The report is Intel’s first since it ousted CEO Pat Gelsinger over frustrations related to his enormous turnaround plan for the company.
Intel is currently led by co-CEOs David Zinsner, who also serves as CFO, and Michelle Johnston Holthaus, who is also CEO of Intel Products. The company is still searching for a permanent CEO to take the reins and attempt to revitalize the storied chipmaker.
For the quarter, Intel reported earnings per share (EPS) of $0.13 on revenue of $14.3 billion. Analysts were anticipating EPS of $0.12 on revenue of $13.8 billion. The company saw EPS of $0.54 and $15.4 billion in revenue in the same quarter last year.

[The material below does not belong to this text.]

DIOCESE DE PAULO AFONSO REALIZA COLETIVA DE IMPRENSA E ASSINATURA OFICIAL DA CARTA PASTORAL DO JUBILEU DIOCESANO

Intel, however, said it expects revenue between $11.7 billion and $12.7 billion in the current quarter. Analysts were looking for $12.85 billion. Adjusted gross margins are also set to come in at 36%, below the 39% Wall Street expected.
Intel stock is down a staggering 54% over the last 12 months and reported the largest quarterly loss in its history last quarter. Intel isn’t the only chipmaker hurting, though. Rival AMD (AMD) is down 36% throughout the last year. Nvidia (NVDA), on the other hand, continues to gain steam, rising 93% in the last year, despite suffering a massive rout on Monday on the back of worries related to China’s DeepSeek AI.
Intel’s still-nascent foundry business, which both produces chips for Intel and is designed to act as a contract manufacturer for third parties, continues to be a drag on its overall revenue despite announcing agreements to build chips for Amazon’s (AMZN) AWS and Microsoft (MSFT). The Intel Foundry business brought in $4.5 billion, in line with expectations.
Intel’s Client Computing business, which includes chips for PCs, saw revenue of $8 billion versus expectations of $7.8 billion, while its data center business topped out at $3.39 billion. Wall Street was looking for revenue of $3.37 billion.
Intel is working to build out new facilities to research and construct chips across the US, but the company is dealing with a relatively flat PC market despite promises that AI PCs would help buoy the space in 2024.
According to IDC, PC shipments rose just 1% in 2024, and there’s still plenty of uncertainty about 2025.